Right, so they work just fine then. I'm not looking for anything fancy in my combo device. Just something that works. But the responses here make it sound as if a combo device is a downgrade and should be avoided at all cost. As if they're the spawn of the devil. If it works it works. If it breaks down I will be on the phone with motorola to get a replacement and, in the mean time, I can just drop by a local store to pick up a replacement. For me, the upside is worth it.
/sigh. Those verizon combo modem/router with wifi devices? The MI424R's?

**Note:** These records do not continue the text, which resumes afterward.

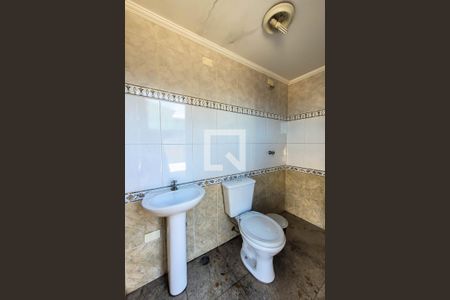 Casa à venda com 200m², 3 quartos e 3 vagas Casa à venda com 200m², 3 quartos e 3 vagasBanheiro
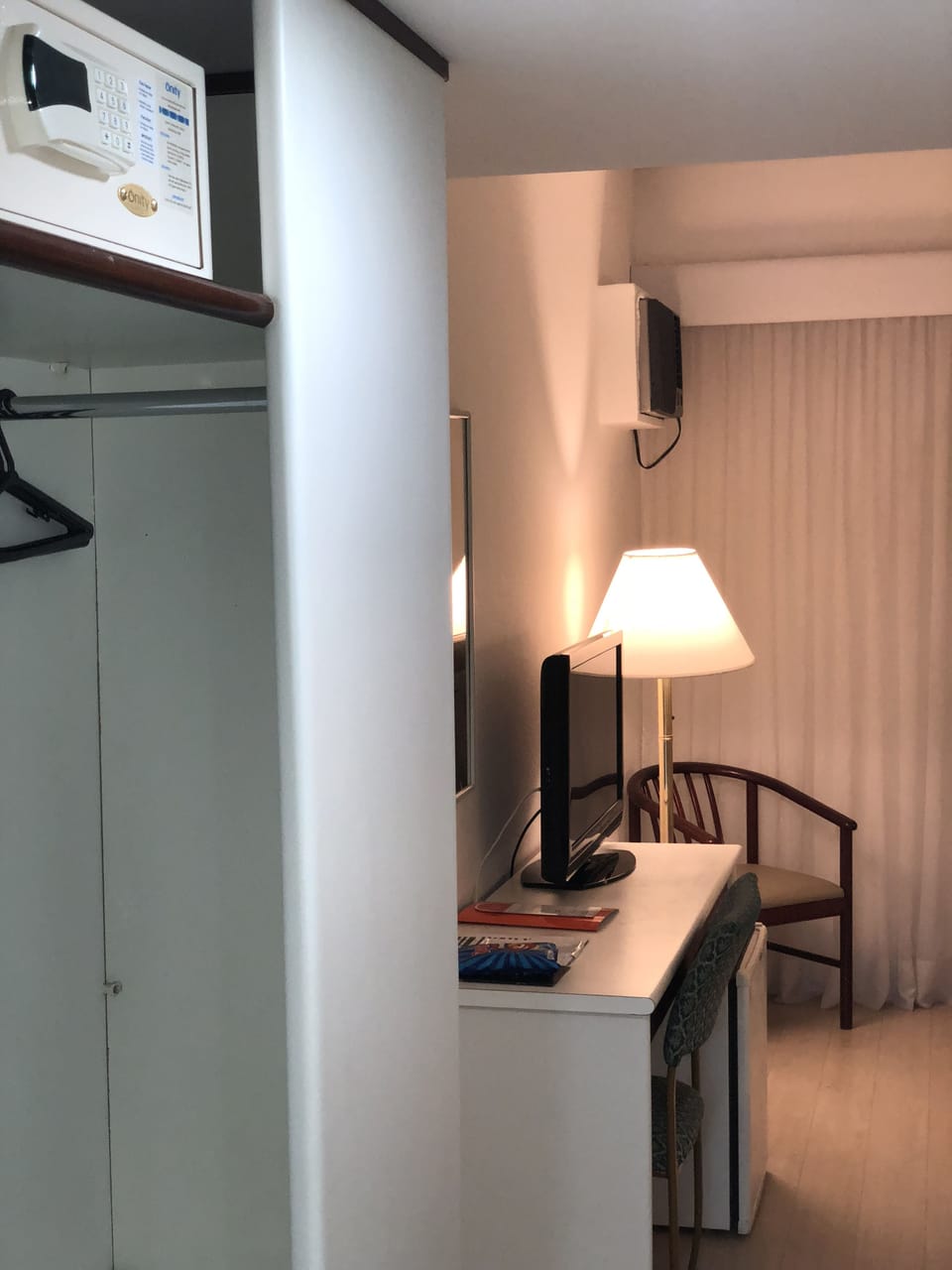 Executive Single Room | Premium bedding, minibar, in-room safe, desk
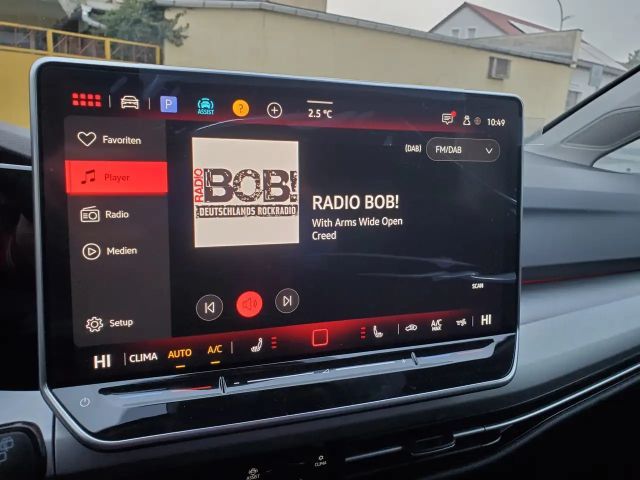 Volkswagen Golf 1.5 TSI Plus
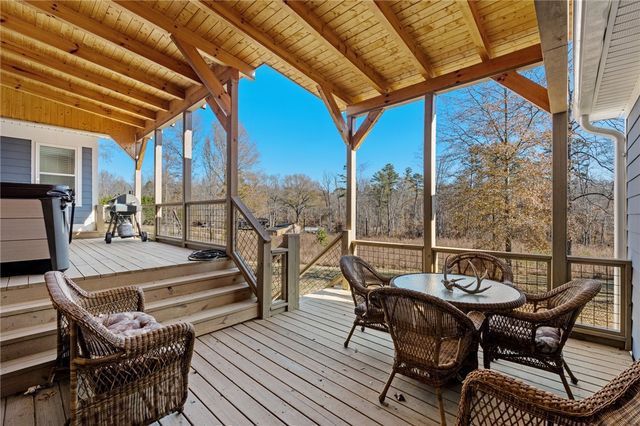 1122 Midway Road, Pickens, SC 29671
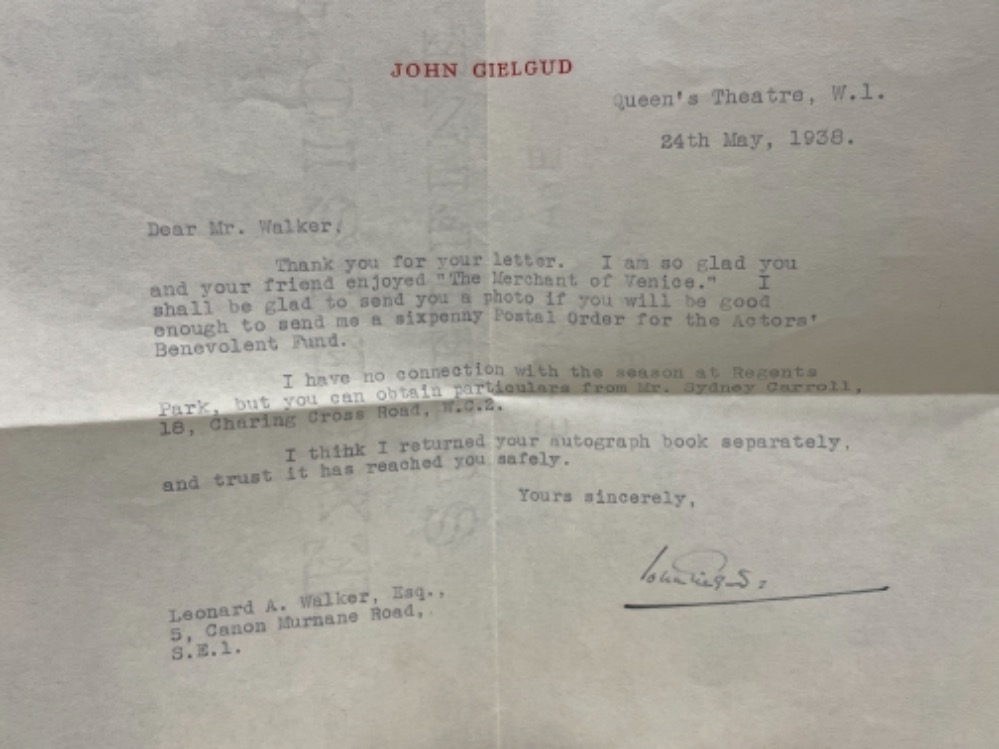 Autograph John Gielgud signed letter to fan - Image 2 of 3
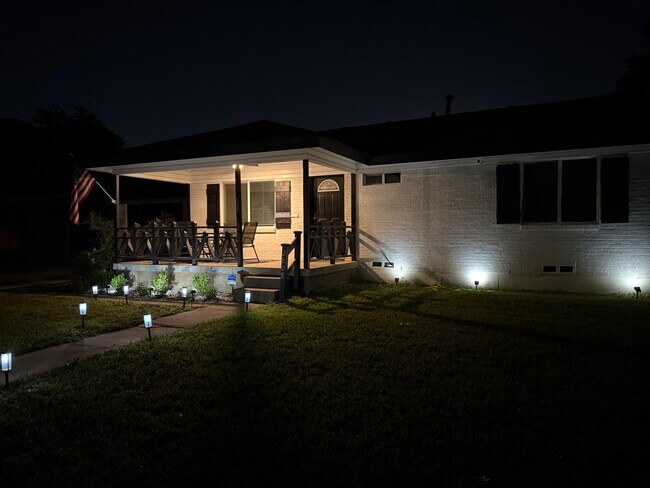Foto del edificio - 2808 Grayson Dr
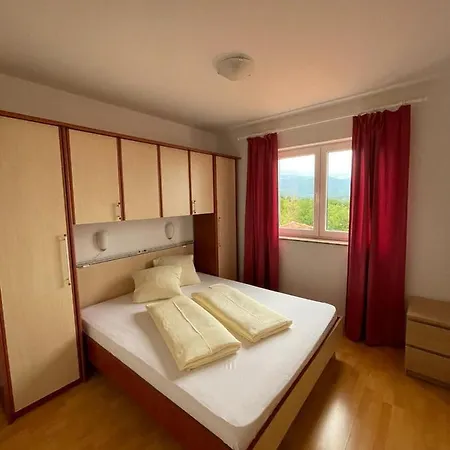 Apartments Nikolina Novi Vinodolski Exterior photo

They're actually *NOTORIOUS* for being absolute junk. I've personally gone through two of them myself at work in the past year. The wifi is documented as being completely unreliable forcing a full device restart, the WAN connection locks up and you cant get into the web interface to restart it frequently. Most tech forums simply suggest buying a different fios-compatible modem because the one they give you is so unreliable. Even the verizon forums are littered with people complaining about the same issues with these devices going back to
2009. Five years later and a half dozen hardware revisions, they have the same issues.
Here's why *
any* SOHO combo device is precisely littered with all the issues you're saying you're willing to spend over a thousand dollars to avoid: Router/switch/modem hardware and software are not cheap, as in "not consumer friendly" levels of not cheap. Making a
single use device, just a router, or just a switch, or just a modem cheap enough that you're still able to sell them for $60 or $80 is difficult enough without cutting corners (and reducing quality in the process). Putting two of those devices together and
still selling them for $60 or $80? Impossible in the consumer electronics world without definitely cutting corners on quality and reliability. Of course, when has a product being junk ever stopped a company from selling it anyway? As long as they're making money and its "good enough" for most people, who cares, right? But you made this thread looking specifically for
Better than just "good enough".
From a networking perspective, everyone in this thread whom you asked for advice on this, presumably because of their experience in networking, has advised that combining devices like you want is a Capital B
Bad Idea for numerous reasons. Personally, if my switch dies on me I dont want to have to backup, restore, and validate a perfectly good router config too because the whole device had to be replaced. I want to swap the switch and move on. Likewise, if there's a problem somewhere in the chain, it's *much* easier to pinpoint with separate devices that you can physically connect hardware between to test. And single devices are just more reliable.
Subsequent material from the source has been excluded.